Collected data -
------------

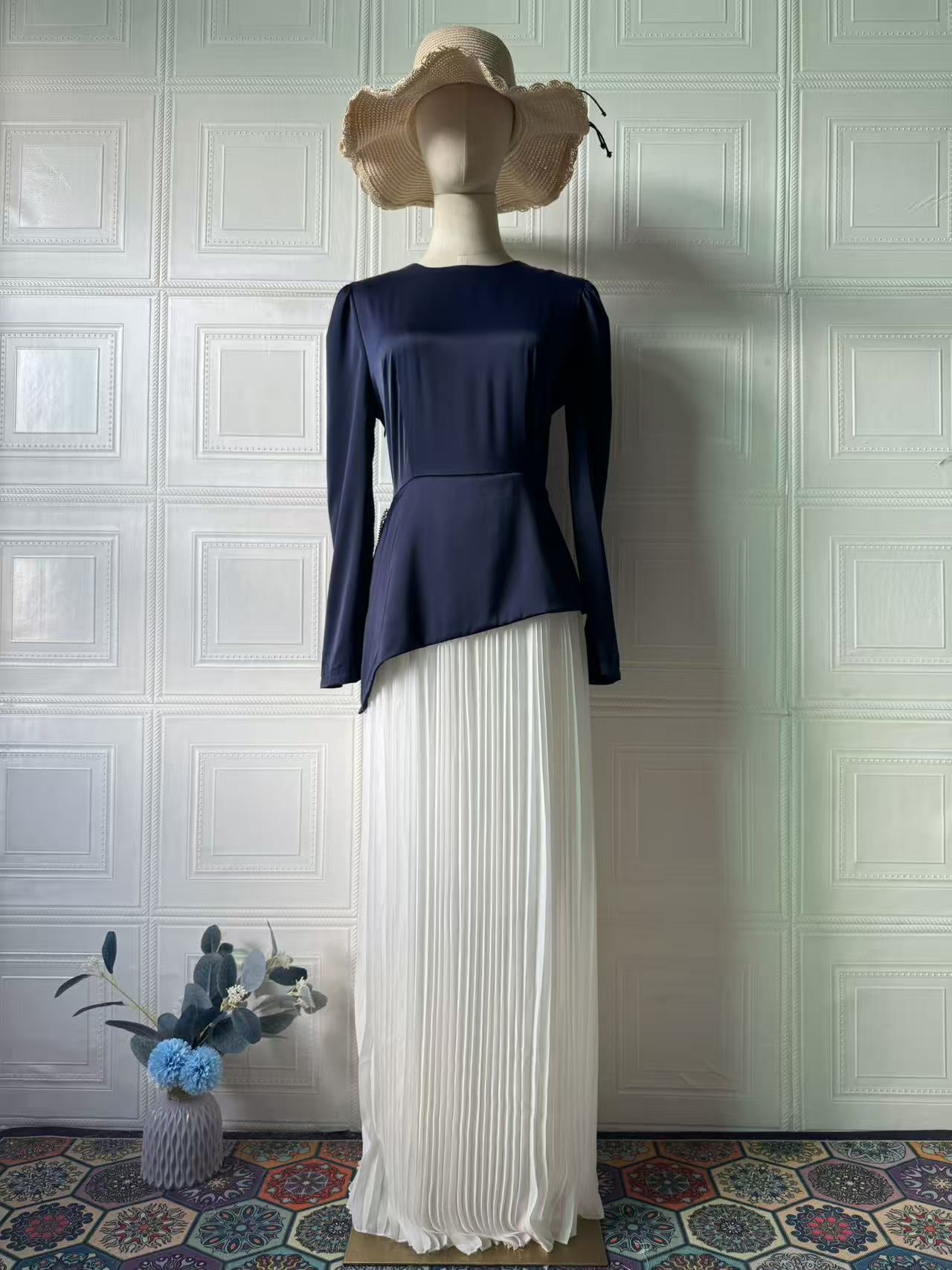 Elegant Long Sleeve Dress for Women Floor Length Lightweight Summer Style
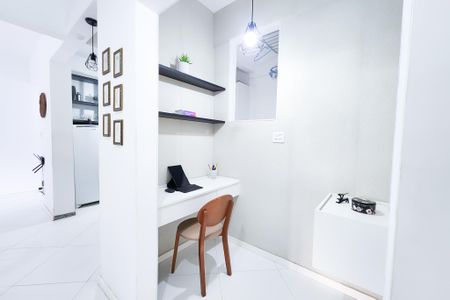 Apartamento à venda com 75m², 2 quartos e 1 vaga Apartamento à venda com 75m², 2 quartos e 1 vagaEscritório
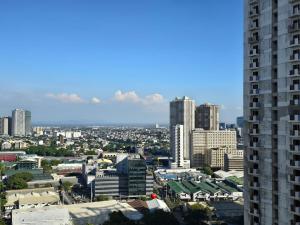 1BR Condotel with Balcony at FAME Residences #FM33-1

------------

What to produce -
From the first line to the last, repeat the data above exactly and leave the pictures out.

Output of the exercise -
 Elegant Long Sleeve Dress for Women Floor Length Lightweight Summer Style
 Apartamento à venda com 75m², 2 quartos e 1 vaga Apartamento à venda com 75m², 2 quartos e 1 vagaEscritório
 1BR Condotel with Balcony at FAME Residences #FM33-1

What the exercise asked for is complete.